What needs to be done — Make a verbatim copy of the entries below; pictures stay out.

--- Extracted entries Enclosed Below ---

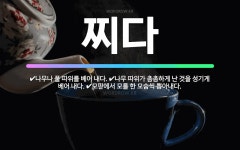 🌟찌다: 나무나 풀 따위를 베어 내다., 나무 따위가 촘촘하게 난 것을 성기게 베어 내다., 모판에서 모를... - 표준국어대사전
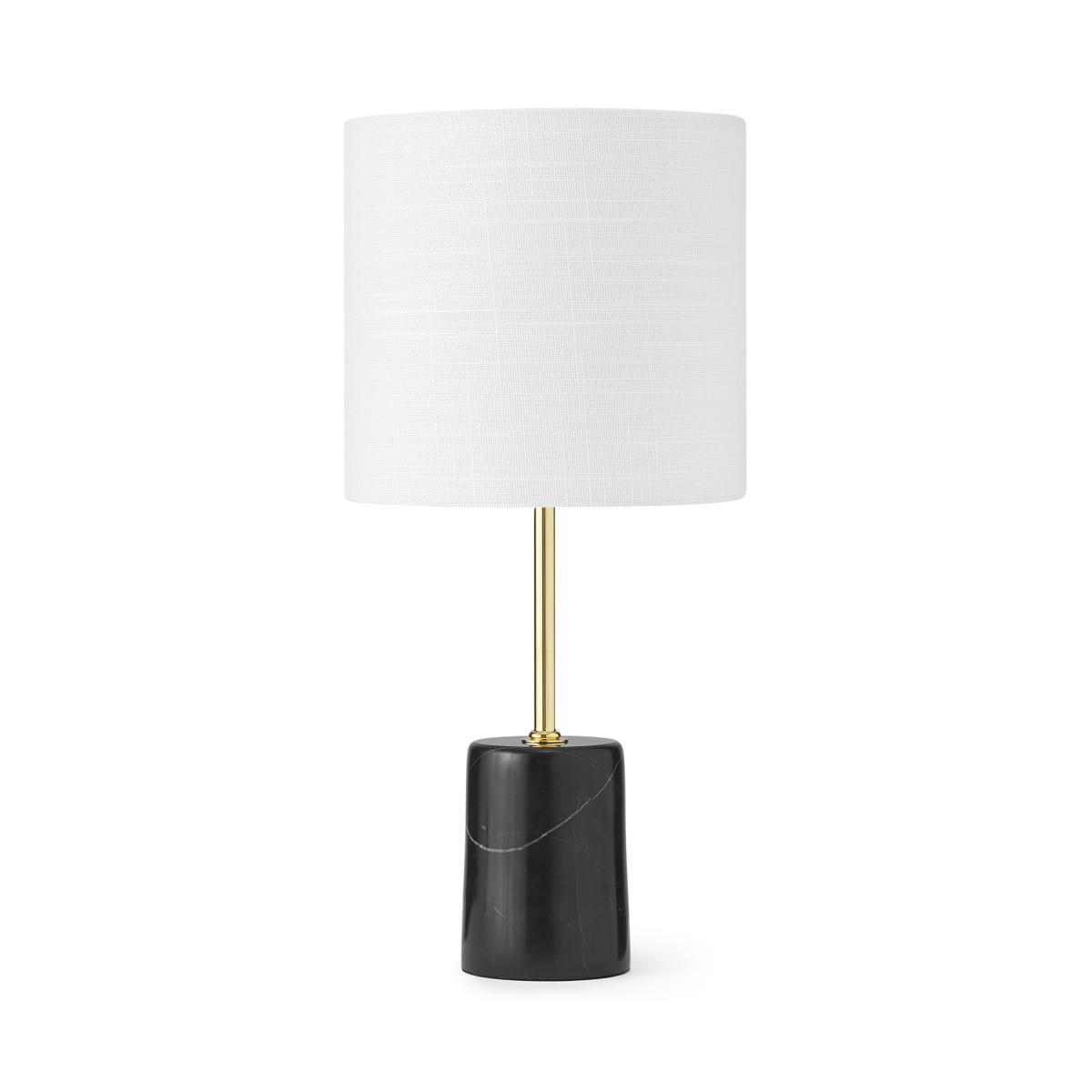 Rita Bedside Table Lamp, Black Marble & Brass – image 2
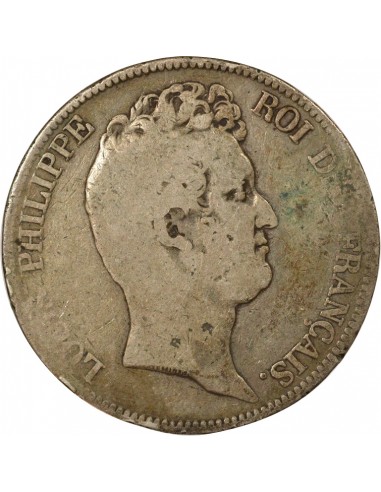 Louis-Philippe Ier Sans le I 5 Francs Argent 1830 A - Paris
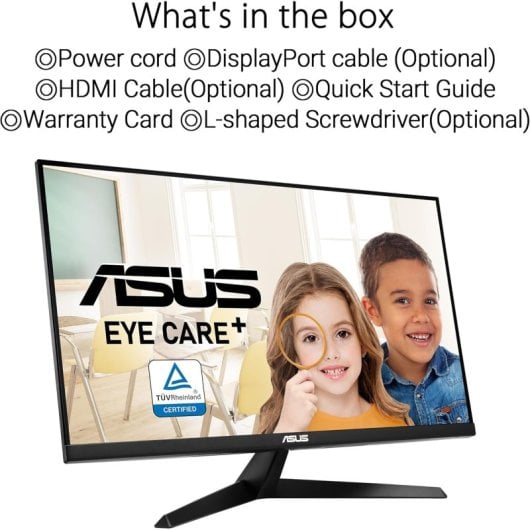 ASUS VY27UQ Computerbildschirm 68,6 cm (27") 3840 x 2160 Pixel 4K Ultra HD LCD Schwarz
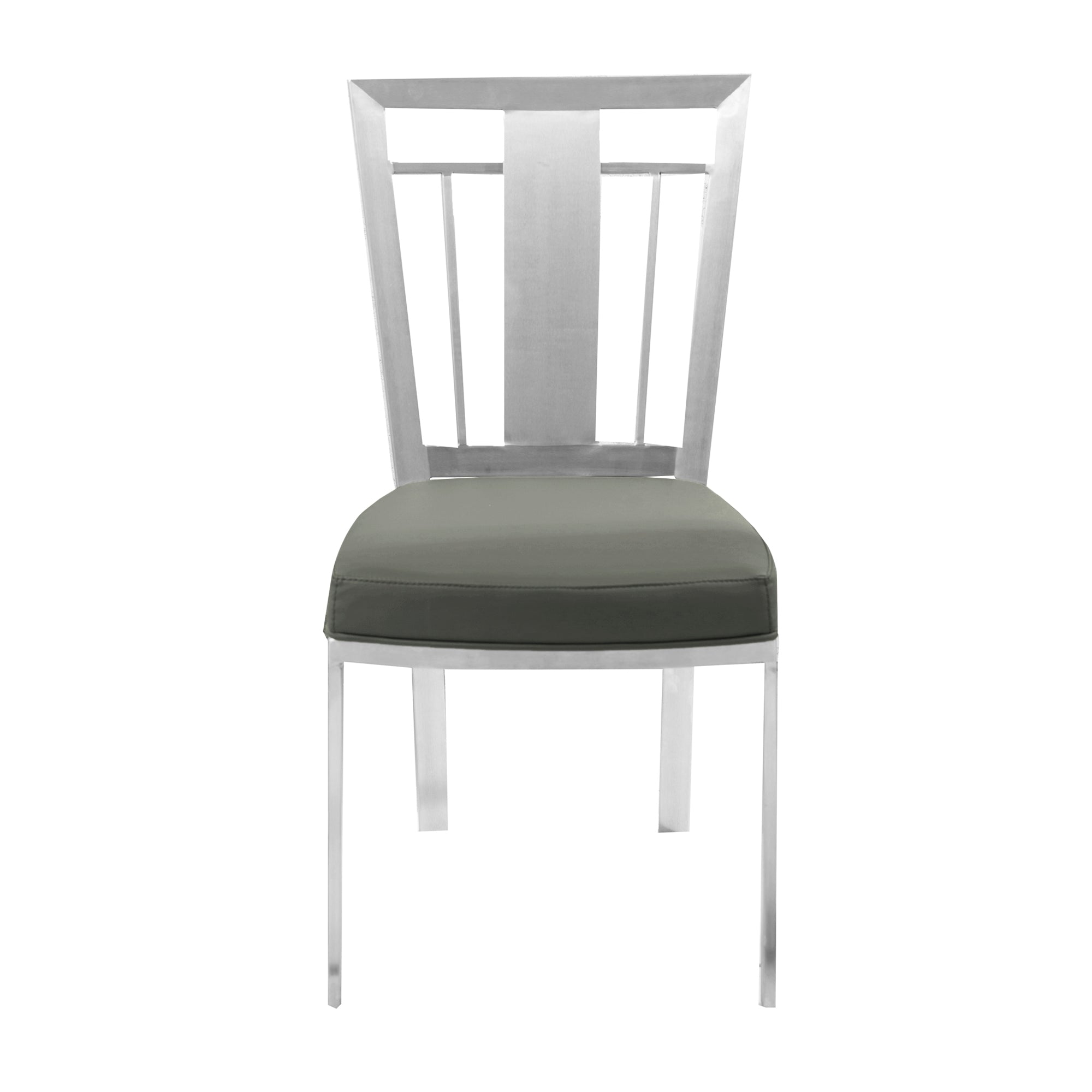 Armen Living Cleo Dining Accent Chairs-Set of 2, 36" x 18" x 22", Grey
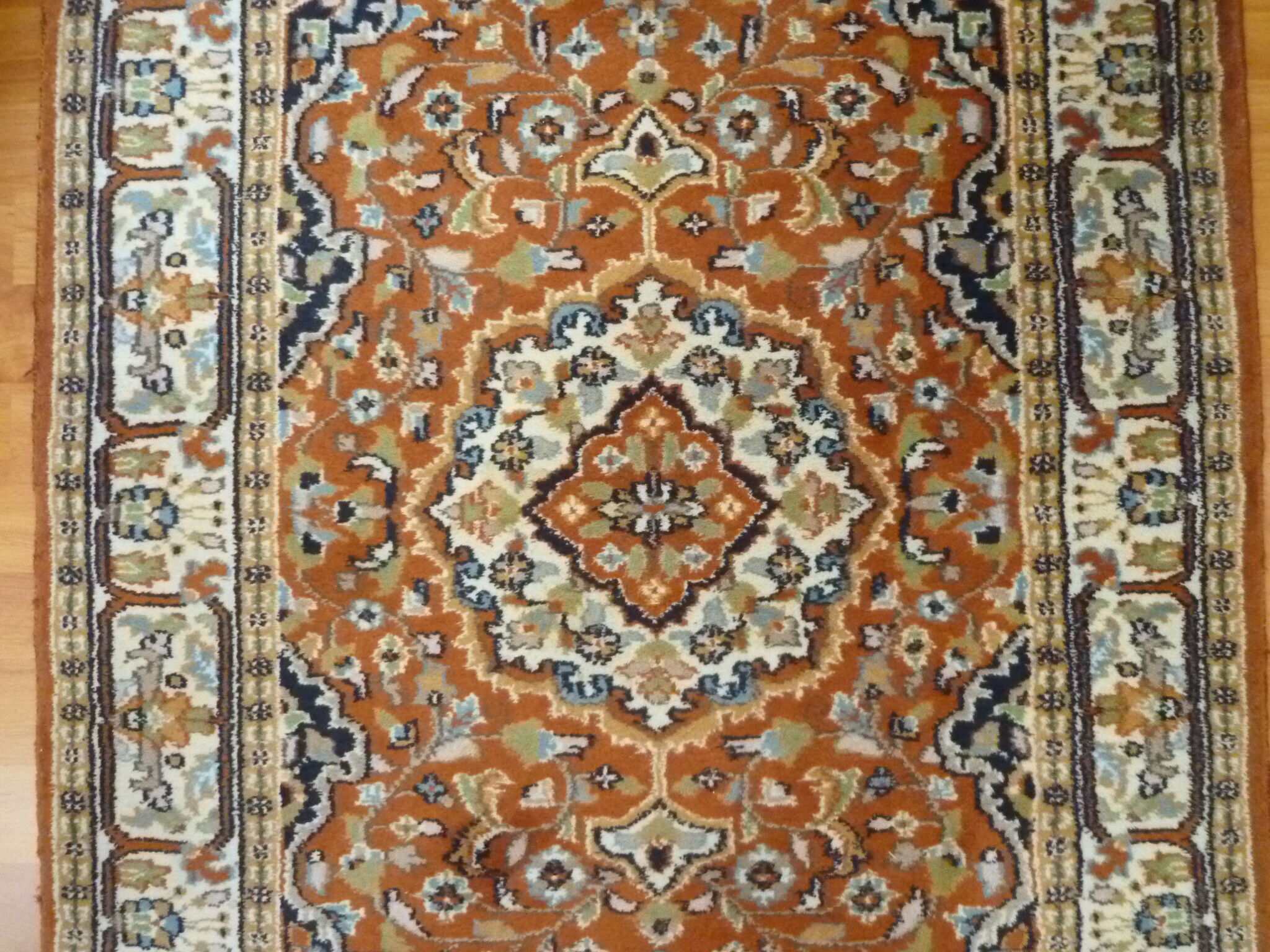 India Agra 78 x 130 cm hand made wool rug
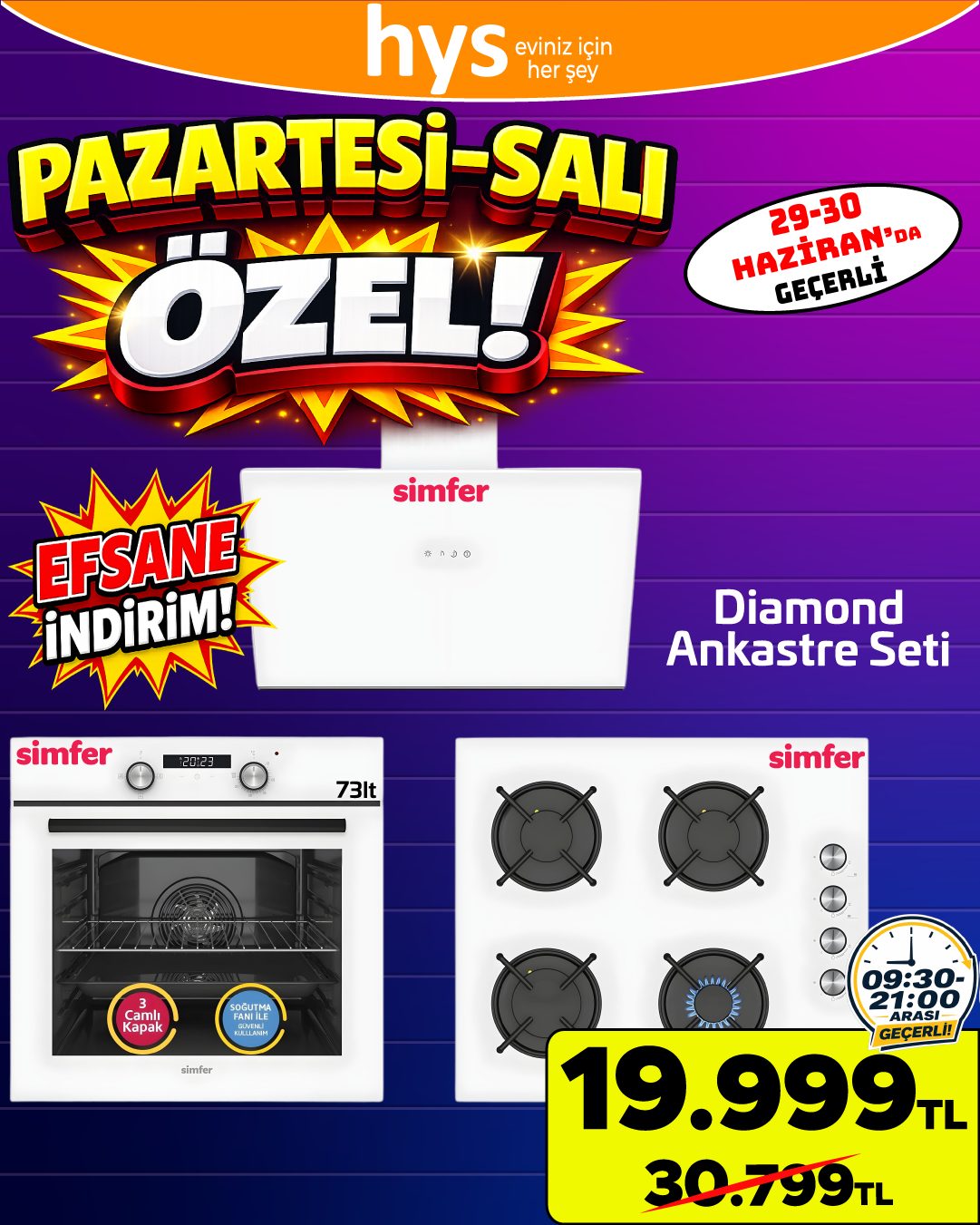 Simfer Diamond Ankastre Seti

--- End of Enclosed Extracted entries ---

Reply —
 🌟찌다: 나무나 풀 따위를 베어 내다., 나무 따위가 촘촘하게 난 것을 성기게 베어 내다., 모판에서 모를... - 표준국어대사전
 Rita Bedside Table Lamp, Black Marble & Brass – image 2
 Louis-Philippe Ier Sans le I 5 Francs Argent 1830 A - Paris
 ASUS VY27UQ Computerbildschirm 68,6 cm (27") 3840 x 2160 Pixel 4K Ultra HD LCD Schwarz
 Armen Living Cleo Dining Accent Chairs-Set of 2, 36" x 18" x 22", Grey
 India Agra 78 x 130 cm hand made wool rug
 Simfer Diamond Ankastre Seti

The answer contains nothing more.